Sometime last month, the street trees of Somerville, Massachusetts were overtaken by a strange crop. Seemingly overnight, vertical inhabitants of all sorts—sprawling neighborhood giants, slim sidewalk-shaders, even the occasional telephone pole—sprouted identical flyers. In inch-high all-caps, in standard bureaucratic font, the signs carried an ominous message: “NOTICE OF A PUBLIC HEARING,” they read, “IN RELATION TO THE REMOVAL OF THIS TREE.”
In another city, such an appearance might amount to a death sentence for the trees. It’s easy to imagine busy urbanites walking or biking right past these signs, en route to work or the grocery store, thinking “that’s too bad”—and then, months later when the chainsaws come, thinking it again.
But this is Somerville, winner of a Tree City USA award at least 17 years running. Such honors do not come without a populace committed to tree preservation. So at 5:30pm on a balmy Thursday, a good 50 people have stuffed themselves inside the city’s Water Department Building to exercise their arboreal rights. Some have come straight from work, and roll up their shirtsleeves as they step into the stuffy room. Others tote in children, who crane their necks towards the Little League game across the street. The rows of folding chairs filled early, and stragglers are packed into the narrow aisles—meaning the tree hearing is, fittingly, standing room only.
In urban Massachusetts, civic-mindedness has pretty much always included a soft spot for trees. In 1636, colonial Bostonians passed an ordinance insisting that planted trees be “prevented… from being spoiled.” In 1775, to mess with revolutionary morale, the British cut down one of the Common’s largest elms, the so-called Liberty Tree.

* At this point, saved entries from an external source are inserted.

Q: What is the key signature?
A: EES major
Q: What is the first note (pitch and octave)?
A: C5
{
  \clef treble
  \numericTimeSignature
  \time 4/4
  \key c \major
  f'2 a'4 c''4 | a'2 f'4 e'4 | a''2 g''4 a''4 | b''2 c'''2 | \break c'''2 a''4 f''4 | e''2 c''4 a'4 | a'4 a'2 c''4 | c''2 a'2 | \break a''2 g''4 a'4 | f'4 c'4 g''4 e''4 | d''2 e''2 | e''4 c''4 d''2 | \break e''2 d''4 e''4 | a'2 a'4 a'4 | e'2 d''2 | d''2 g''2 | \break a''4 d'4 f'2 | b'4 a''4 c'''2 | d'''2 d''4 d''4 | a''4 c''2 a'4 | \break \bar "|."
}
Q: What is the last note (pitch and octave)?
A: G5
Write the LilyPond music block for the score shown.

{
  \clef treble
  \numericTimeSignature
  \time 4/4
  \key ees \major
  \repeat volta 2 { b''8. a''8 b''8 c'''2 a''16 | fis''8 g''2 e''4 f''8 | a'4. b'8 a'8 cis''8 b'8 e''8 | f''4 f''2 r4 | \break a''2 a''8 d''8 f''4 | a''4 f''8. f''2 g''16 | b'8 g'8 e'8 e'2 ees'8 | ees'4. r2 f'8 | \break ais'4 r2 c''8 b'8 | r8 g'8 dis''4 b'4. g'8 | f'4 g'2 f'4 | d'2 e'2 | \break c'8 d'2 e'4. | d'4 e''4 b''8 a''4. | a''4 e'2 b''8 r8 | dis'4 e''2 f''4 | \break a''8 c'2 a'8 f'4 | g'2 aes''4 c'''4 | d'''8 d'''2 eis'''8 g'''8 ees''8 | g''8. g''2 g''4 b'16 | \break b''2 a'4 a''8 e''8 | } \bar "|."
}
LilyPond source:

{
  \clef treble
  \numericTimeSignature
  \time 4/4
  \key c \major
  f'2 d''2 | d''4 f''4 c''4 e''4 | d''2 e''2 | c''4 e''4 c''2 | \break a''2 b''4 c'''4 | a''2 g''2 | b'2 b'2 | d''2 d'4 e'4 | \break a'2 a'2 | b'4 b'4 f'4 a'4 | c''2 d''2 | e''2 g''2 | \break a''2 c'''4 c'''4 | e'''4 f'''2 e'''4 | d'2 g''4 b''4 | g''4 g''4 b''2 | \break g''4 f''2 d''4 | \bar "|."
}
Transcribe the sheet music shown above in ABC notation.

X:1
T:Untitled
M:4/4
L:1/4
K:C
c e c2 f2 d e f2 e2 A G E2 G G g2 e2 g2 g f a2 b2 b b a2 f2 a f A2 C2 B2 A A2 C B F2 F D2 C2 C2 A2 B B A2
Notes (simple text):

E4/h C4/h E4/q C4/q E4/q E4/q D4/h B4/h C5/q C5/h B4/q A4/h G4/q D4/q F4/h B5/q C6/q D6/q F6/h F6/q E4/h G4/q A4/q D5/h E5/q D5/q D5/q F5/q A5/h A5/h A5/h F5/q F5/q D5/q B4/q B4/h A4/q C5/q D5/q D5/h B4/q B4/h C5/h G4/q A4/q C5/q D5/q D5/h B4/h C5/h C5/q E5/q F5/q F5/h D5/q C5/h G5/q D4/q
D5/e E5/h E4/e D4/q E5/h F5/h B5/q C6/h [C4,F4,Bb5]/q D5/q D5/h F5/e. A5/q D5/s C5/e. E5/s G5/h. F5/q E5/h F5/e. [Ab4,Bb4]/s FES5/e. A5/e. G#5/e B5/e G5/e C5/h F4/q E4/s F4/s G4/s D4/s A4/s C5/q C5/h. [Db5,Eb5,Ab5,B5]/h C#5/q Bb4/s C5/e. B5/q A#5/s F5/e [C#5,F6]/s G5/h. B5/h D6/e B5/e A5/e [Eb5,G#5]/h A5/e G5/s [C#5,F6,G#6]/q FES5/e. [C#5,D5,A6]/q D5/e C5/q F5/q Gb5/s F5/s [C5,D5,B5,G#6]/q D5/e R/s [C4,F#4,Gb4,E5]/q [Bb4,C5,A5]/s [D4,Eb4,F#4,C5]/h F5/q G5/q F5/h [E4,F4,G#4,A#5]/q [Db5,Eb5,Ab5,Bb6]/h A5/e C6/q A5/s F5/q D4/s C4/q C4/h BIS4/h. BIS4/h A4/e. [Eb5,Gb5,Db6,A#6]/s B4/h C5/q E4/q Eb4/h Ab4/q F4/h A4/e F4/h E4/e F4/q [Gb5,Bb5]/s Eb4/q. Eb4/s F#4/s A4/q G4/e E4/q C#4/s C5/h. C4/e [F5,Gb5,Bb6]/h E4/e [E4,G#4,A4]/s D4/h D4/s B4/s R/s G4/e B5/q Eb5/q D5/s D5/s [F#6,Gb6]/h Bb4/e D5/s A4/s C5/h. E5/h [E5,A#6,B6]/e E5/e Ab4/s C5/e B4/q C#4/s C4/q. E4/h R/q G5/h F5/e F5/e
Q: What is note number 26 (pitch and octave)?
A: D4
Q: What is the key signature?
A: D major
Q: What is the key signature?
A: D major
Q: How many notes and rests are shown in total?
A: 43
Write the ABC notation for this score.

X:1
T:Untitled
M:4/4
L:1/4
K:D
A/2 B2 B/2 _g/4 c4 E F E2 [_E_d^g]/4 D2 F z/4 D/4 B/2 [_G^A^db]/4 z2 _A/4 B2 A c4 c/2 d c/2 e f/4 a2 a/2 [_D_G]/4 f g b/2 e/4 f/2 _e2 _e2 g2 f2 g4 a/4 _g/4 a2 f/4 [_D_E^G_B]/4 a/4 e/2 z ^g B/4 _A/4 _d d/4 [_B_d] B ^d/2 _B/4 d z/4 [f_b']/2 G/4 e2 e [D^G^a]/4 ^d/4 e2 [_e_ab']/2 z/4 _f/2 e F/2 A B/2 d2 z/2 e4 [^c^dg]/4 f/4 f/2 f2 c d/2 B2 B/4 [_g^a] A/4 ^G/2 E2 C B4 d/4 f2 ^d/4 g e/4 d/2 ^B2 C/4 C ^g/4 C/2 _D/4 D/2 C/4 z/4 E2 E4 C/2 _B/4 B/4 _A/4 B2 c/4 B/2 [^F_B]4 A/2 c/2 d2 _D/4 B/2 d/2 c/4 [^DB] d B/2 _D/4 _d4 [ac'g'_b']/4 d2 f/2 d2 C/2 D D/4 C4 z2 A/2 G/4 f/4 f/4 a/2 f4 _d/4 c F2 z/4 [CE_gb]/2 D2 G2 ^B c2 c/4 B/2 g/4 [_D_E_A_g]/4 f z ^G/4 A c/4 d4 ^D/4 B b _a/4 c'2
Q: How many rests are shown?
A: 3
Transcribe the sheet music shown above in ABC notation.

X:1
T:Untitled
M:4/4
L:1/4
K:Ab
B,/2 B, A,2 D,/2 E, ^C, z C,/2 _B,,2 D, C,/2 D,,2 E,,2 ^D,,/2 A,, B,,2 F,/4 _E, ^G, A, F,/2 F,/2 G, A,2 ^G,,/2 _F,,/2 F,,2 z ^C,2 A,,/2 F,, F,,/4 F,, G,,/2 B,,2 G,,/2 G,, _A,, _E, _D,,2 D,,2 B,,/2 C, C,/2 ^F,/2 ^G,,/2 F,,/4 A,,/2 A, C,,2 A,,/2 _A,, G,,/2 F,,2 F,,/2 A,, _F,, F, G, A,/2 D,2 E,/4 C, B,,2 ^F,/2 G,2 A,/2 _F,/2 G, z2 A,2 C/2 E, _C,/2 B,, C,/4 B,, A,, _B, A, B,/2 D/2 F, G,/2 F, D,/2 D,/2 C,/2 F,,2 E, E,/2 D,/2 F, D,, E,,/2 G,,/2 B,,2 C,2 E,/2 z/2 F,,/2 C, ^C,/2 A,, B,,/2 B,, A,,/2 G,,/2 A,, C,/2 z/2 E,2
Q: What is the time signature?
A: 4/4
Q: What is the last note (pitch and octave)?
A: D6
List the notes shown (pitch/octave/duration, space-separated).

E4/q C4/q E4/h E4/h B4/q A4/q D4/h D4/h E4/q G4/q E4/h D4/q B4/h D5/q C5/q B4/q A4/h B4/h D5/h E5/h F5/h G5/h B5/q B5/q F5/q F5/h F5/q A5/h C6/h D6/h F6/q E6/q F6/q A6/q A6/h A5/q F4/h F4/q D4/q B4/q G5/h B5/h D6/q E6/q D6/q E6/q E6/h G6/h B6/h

Increased industrialization led to a brief period of frenzied chopping, but this was short-lived, and since 1899, Massachusetts statute has mandated that every public tree facing removal must first receive a hearing. Even now, other states that have adopted similar legislation tend to refer to it as “the Massachusetts law.”
This particular meeting’s main event concerns about 100 ash trees marked for demolition, explains Brad Ross, a designer and data scientist with the Mayor’s Office. Somerville officials fear these specific trees will make easy prey for the Emerald Ash Borer, a small beetle that has been devouring its preferred species since it first hitched a ride here from Asia in 2002.
Though the borer has not yet been found in Somerville proper, having vulnerable trees around is likely to speed up its inevitable invasion. “The city strategy is to deny the bug the easy prey, the safe havens,” says Ross. Thus, a certain number of already-weak trees must be sacrificed for the greater good. City officials hope to use this meeting to make their reasoning clear to the populace, and to address any concerns. Judging by the hardwooded looks on said populace’s faces, they’ve come with quite a few.
But that’s later. Like a gladiatorial contest, this hearing starts with a few warmup matches, between individual trees and the particular humans who want them gone. First up is a man from the northwest corner of the city who is tired of cleaning up after his neighbor, a Japanese zelkova tree. The zelkova is a litterbug, dumping twigs and leaves all over his front steps. Someone is going to fall and crack their head open. “It’s just a constant mess,” he sums up, before sitting down again.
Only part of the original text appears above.